Oracle Linux Enhanced Diagnostics: Use rpm_db_snooper to monitor and investigate rpm database corruption events

Issue

Systems may experience recurring RPM database (rpmdb) corruption or package management failures, for example:

# rpm -qa
error: rpmdb: BDB0113 Thread/process 9773/140219155286080 failed: BDB1507 Thread died in Berkeley DB library
error: db5 error(-30973) from dbenv->failchk: BDB0087 DB_RUNRECOVERY: Fatal error, run database recovery
error: cannot open Packages index using db5 - (-30973)
error: cannot open Packages database in /var/lib/rpm

In many cases, the root cause is that a process using the RPM database is terminated abruptly (for example via SIGKILL), leaving the database in an inconsistent state.

To understand who is killing RPM-related processes and when, we can use rpm_db_snooper from the Oracle Linux Enhanced Diagnostics (OLED) toolkit.

What is rpm_db_snooper?

rpm_db_snooper is a systemd service and DTrace-based diagnostic tool for Oracle Linux that:

Monitors access to the RPM database directory /var/lib/rpm by rpm, yum, and dnf.
Watches for signals (such as SIGKILL) sent to those processes.
Logs relevant events (open/close, signals, exits) via the standard system journal.

It is implemented using DTrace and packaged as part of the Oracle Linux Enhanced Diagnostics (OLED) tools for Oracle Linux.

Note: rpm_db_snooper is a diagnostics/forensics utility. It does not repair corruption; it helps you capture evidence about what was happening to the RPM database when problems occur.

Why rpm_db_snooper is Useful

RPM database corruption and hangs are often intermittent and hard to reproduce. Once the database is already in a bad state, there may be no standard logging that explains who killed yum/dnf/rpm or which process interrupted a transaction.

rpm_db_snooper addresses this by providing:

An audit trail of which RPM-related processes were using /var/lib/rpm.
A record of signals (especially SIGKILL) delivered to those processes.
Timestamps that let you correlate events with other system activity (automation jobs, monitoring agents, OOM kills, etc.).

By reviewing this data when corruption reoccurs, you can often identify:

Automation or monitoring tools that time out and kill yum/dnf/rpm.
Operators manually sending kill -9 to package processes.
Other system components (e.g., OOM killer) terminating those processes.

Temporary Recovery vs Root Cause

When rpmdb corruption is already present, you typically need to:

Ensure no processes are using /var/lib/rpm:

$ fuser -v /var/lib/rpm
Stop or kill any processes reported by fuser.
Perform the appropriate rpmdb recovery/repair for your distribution, which may include removing transient Berkeley DB environment files (__db.*) or following vendor-specific recovery procedures.

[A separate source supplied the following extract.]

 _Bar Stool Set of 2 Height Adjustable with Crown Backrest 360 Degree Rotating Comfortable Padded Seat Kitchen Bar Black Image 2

These steps can temporarily clear the issue, but if the underlying cause is not fixed, corruption can reoccur. That is where rpm_db_snooper helps: it needs to be running before the issue in order to capture signal and access activity around the problematic time.

Installing rpm_db_snooper (OLED tools)

rpm_db_snooper is included in the Oracle Linux Enhanced Diagnostics (OLED) tools collection.

For installation and repository setup details, see:
- Oracle Linux Enhanced Diagnostics

Once the OLED tools are installed, rpm_db_snooper will be provided as a systemd service and supporting DTrace script.

Service Architecture

Key components:

rpm_db_snooper.service
- A systemd unit that runs the monitoring DTrace script as a persistent root-level service.
monitor_rpmdb.d
- The DTrace script that:
  - Detects when yum, dnf, or rpm open or interact with database files under /var/lib/rpm and, where applicable, history.sqlite.
  - Tracks active RPM DB consumer PIDs.
  - Logs signal delivery (kill) targeted at those consumers.
  - Monitors consumer exit events.
Key paths
- /var/lib/rpm – RPM database directory.
- /usr/libexec/oled-tools/scripts.d/monitor_rpmdb.d – DTrace script.
- /var/log/messages – standard system log, if configured. journalctl -u rpm_db_snooper.service – primary journal view (SYSLOG_IDENTIFIER: rpm_db_snooper).

Service ExecStart (typical):

/usr/sbin/dtrace -Cs /usr/libexec/oled-tools/scripts.d/monitor_rpmdb.d $RPM_DB_SNOOPER_DEBUG

$RPM_DB_SNOOPER_DEBUG can be set to enable additional debug output.

Starting and Managing the Service

On Oracle Linux systems with OLED tools installed, rpm_db_snooper is managed via systemd.

The service is not enabled by default when OLED tools are installed; you must explicitly enable and start it.

Start the service:

systemctl start rpm_db_snooper.service

Check the status:

systemctl status rpm_db_snooper.service

Restart if you change configuration or enable debug:

systemctl restart rpm_db_snooper.service

View logs:

journalctl -u rpm_db_snooper.service
# or
grep rpm_db_snooper /var/log/messages

Important: The service must be running before rpmdb corruption or hangs occur in order to capture useful diagnostic data.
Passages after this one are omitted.